**YOUR TASK:**
When you copy the data, keep every line exactly as written and skip the pictures.

*** EXTRACTED ENTRIES Section Begins ***

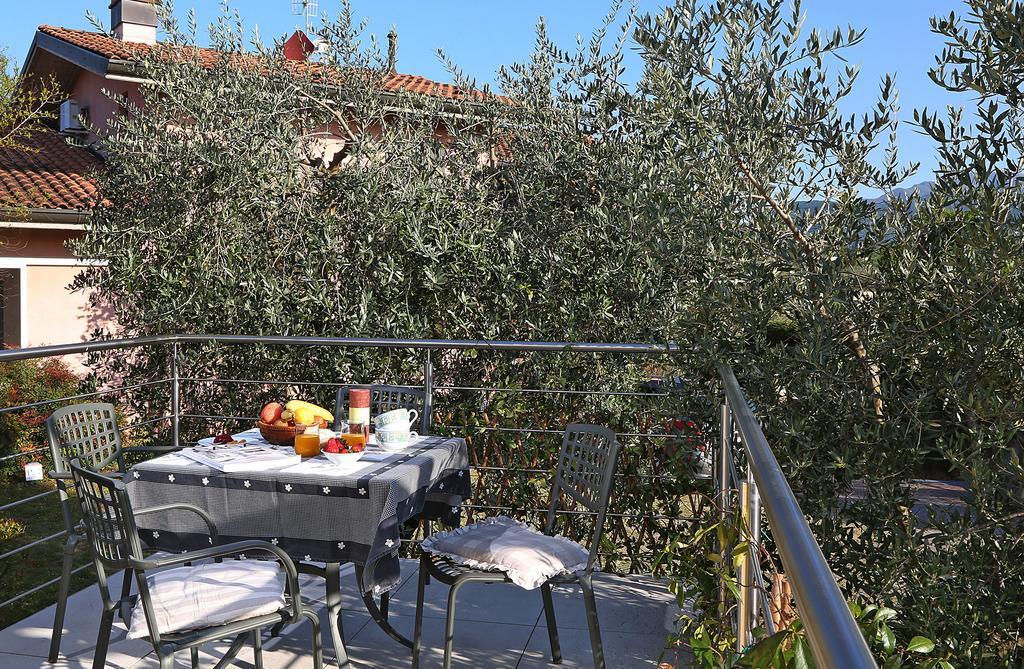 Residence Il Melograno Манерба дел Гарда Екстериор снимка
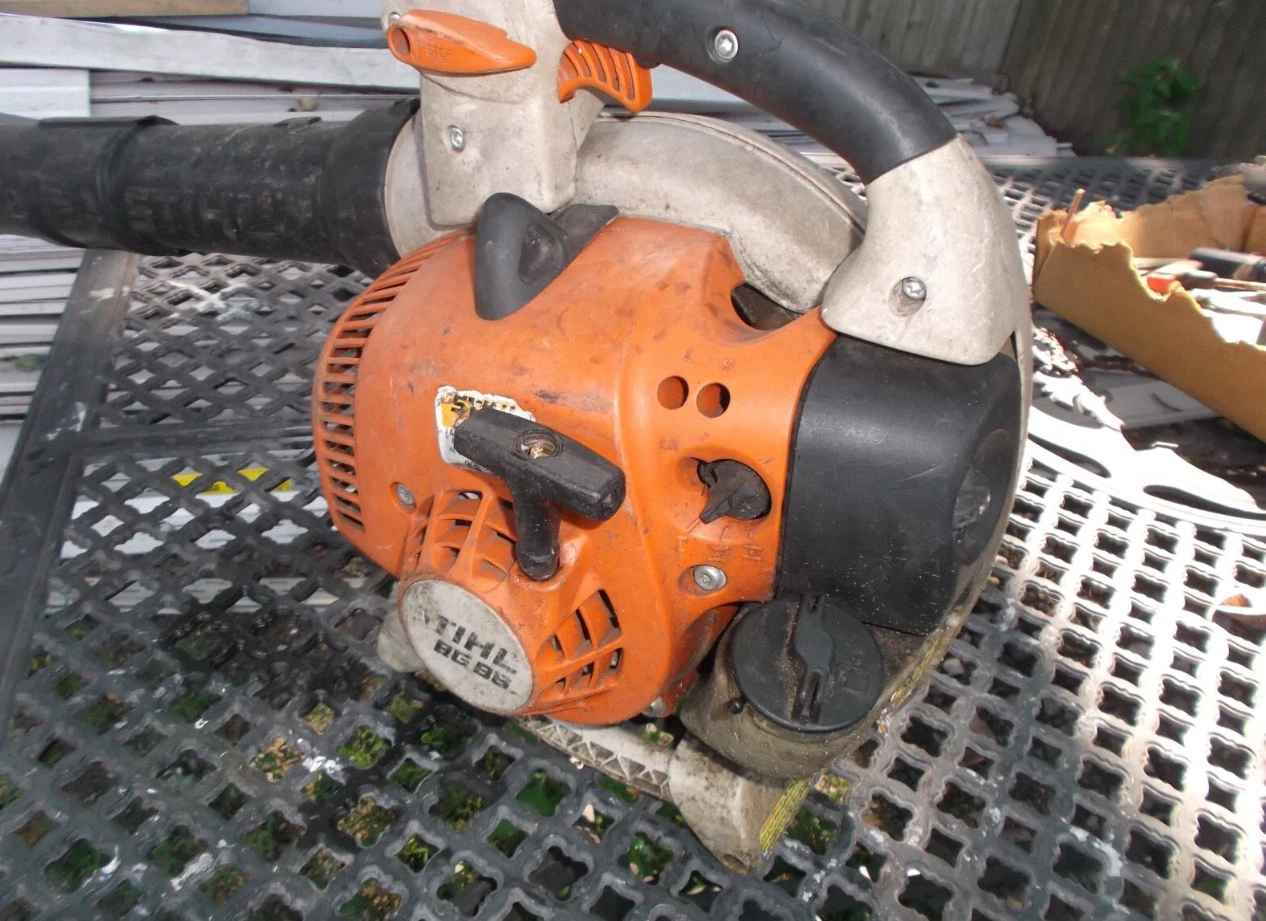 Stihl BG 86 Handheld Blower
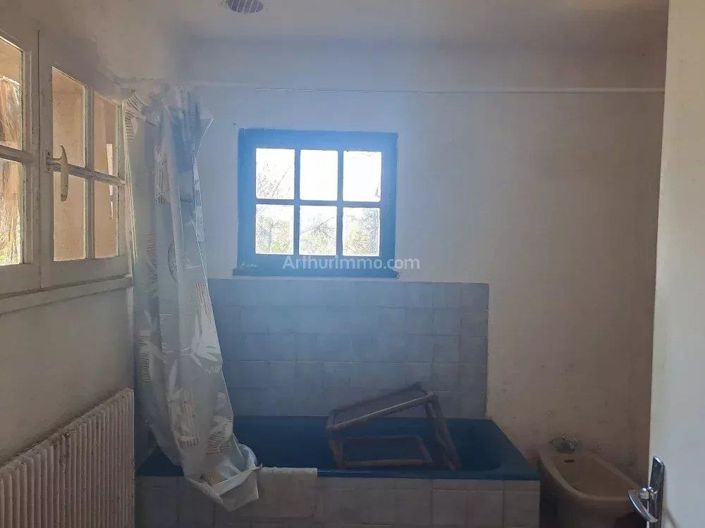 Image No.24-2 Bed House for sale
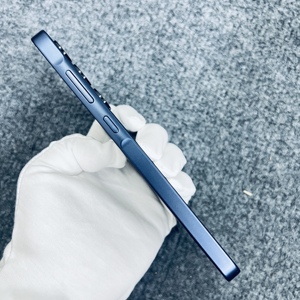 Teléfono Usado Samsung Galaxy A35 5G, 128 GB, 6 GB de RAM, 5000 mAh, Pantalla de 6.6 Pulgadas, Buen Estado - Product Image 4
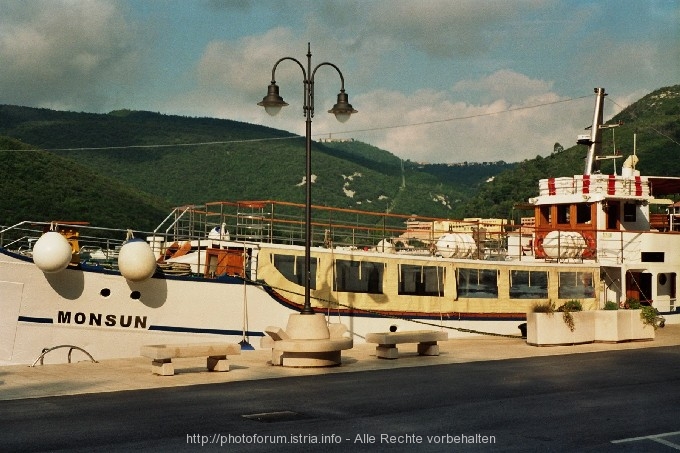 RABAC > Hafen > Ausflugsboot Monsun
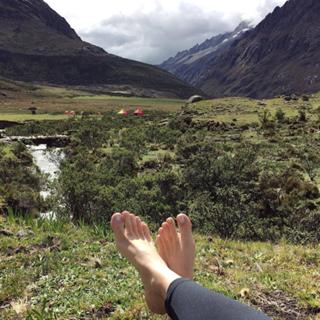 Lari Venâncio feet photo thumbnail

*** EXTRACTED ENTRIES Section Ends ***

**ANSWER TO THIS TASK:**
 Residence Il Melograno Манерба дел Гарда Екстериор снимка
 Stihl BG 86 Handheld Blower
 Image No.24-2 Bed House for sale
 Teléfono Usado Samsung Galaxy A35 5G, 128 GB, 6 GB de RAM, 5000 mAh, Pantalla de 6.6 Pulgadas, Buen Estado - Product Image 4
 RABAC > Hafen > Ausflugsboot Monsun
 Lari Venâncio feet photo thumbnail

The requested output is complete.